90 minutes. That's the number researchers just put on the table. Not three hours. Not "as much as possible." 90 to 120 minutes of strength training per week — that's what a 30-year study on 147,000 people identifies as the volume that meaningfully cuts your mortality risk.

What the Science Really Says

  • 90 to 120 minutes of strength training per week delivers maximum longevity benefits
  • 19% lower cardiovascular mortality risk at that volume
  • 27% lower neurological mortality risk (Parkinson's, Alzheimer's, stroke)
  • Benefits plateau past 120 min/week — more isn't better here
  • Eccentric (slow lowering) movements maximize strength gains with less total volume

What the Study Actually Measured

The study tracked 147,000 people over 30 years. Researchers correlated resistance training habits with causes of death across three decades. It's one of the largest studies ever conducted on this specific question.

The main finding: participants who did 90 to 120 minutes of strength training per week had a 19% lower risk of dying from cardiovascular disease compared to those who didn't train. And a 27% lower risk of neurological mortality, covering diseases like Parkinson's and Alzheimer's.

What sets this study apart: the optimal volume is precise. Strength training doesn't follow "more is better" logic. Past 120 minutes per week, additional longevity benefits become negligible. The ceiling is clearly defined.

Why Lifting Protects Your Brain

The neurological mortality number is the real surprise here. The cardiovascular connection to strength training is well established. But a 27% drop in degenerative brain disease risk? That's less expected.

Several mechanisms explain it. Strength training boosts BDNF (brain-derived neurotrophic factor), a protein that protects neurons and supports neurogenesis. It improves insulin sensitivity, directly linked to dementia risk. And it reduces chronic systemic inflammation, one of the primary drivers of neurodegenerative disease.

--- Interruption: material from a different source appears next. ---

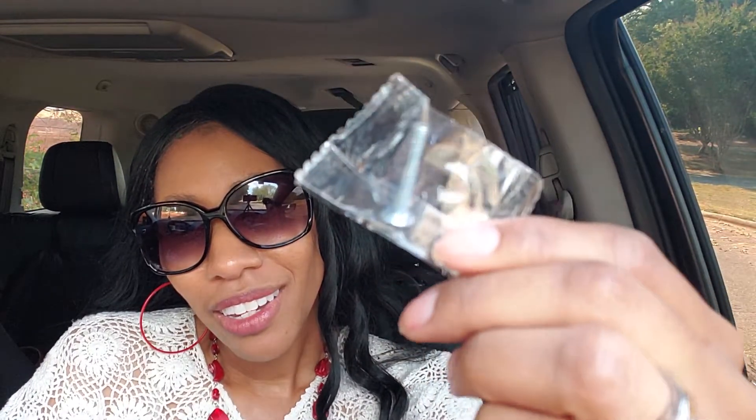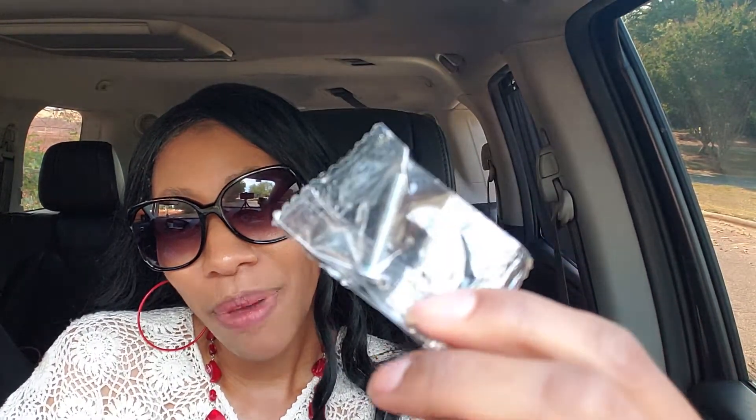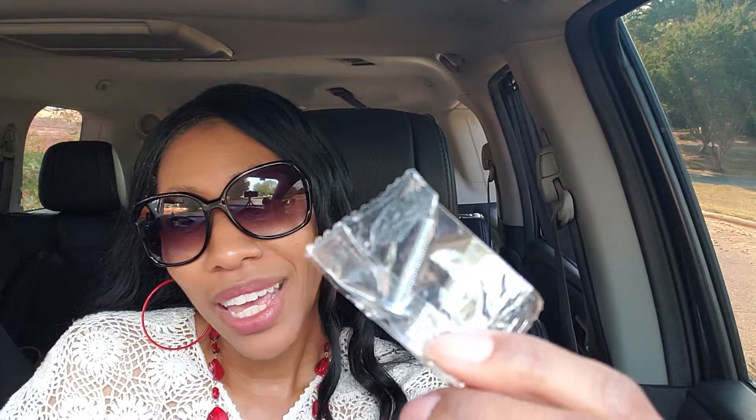Here in my hand — can you see it? — we see that it is a package that has one screw inside. I'm not going to keep you long. It has one screw inside. This mere fact that it is in my hand means that it has not been used for the full purpose that it was created. It wasn't created to be in my hand, it wasn't created to be in this car — it was created to be a part of a bookshelf.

The Technique That Amplifies Results

A second study from May 2026 adds a practical layer. Researchers found that the lowering phase of each lift — what's called the eccentric phase — produces greater strength gains with less total volume. Five targeted minutes of eccentric work per day produces measurable improvements.

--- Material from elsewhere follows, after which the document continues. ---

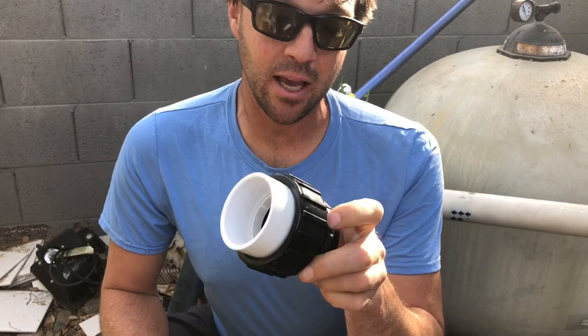Hey guys, what's up? Josh Maul with Swimming Pool Science. It's been a while, it's good to see you guys again. It's been quite a busy winter. I've been working on some other projects that have taken me away from the pool videos, but trying to get back into it.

In practice: slow down the lowering phase on every movement (squat, bench press, row) to amplify the muscular stimulus. Three to four seconds down instead of one. If you do three sets of eight reps this way, you're getting more stimulus out of the same number of sets.

What This Changes About Your Training

What does 90 minutes of strength training per week actually look like? Two 45-minute sessions. Three 30-minute sessions. One hour and one 30-minute session. There are dozens of ways to hit the threshold.

What the study doesn't say, but the broader literature supports: those 90 minutes should include compound movements — squats, presses, rows, deadlifts — not just isolation work. The systemic stimulus from multi-joint movements is what drives cardiovascular and neurological benefits.

Neither WHO guidelines (150 min/week of aerobic exercise) nor standard lifting guides give this precise a longevity target. That's the study's real contribution: a specific, 30-year validated threshold you can build a training plan around.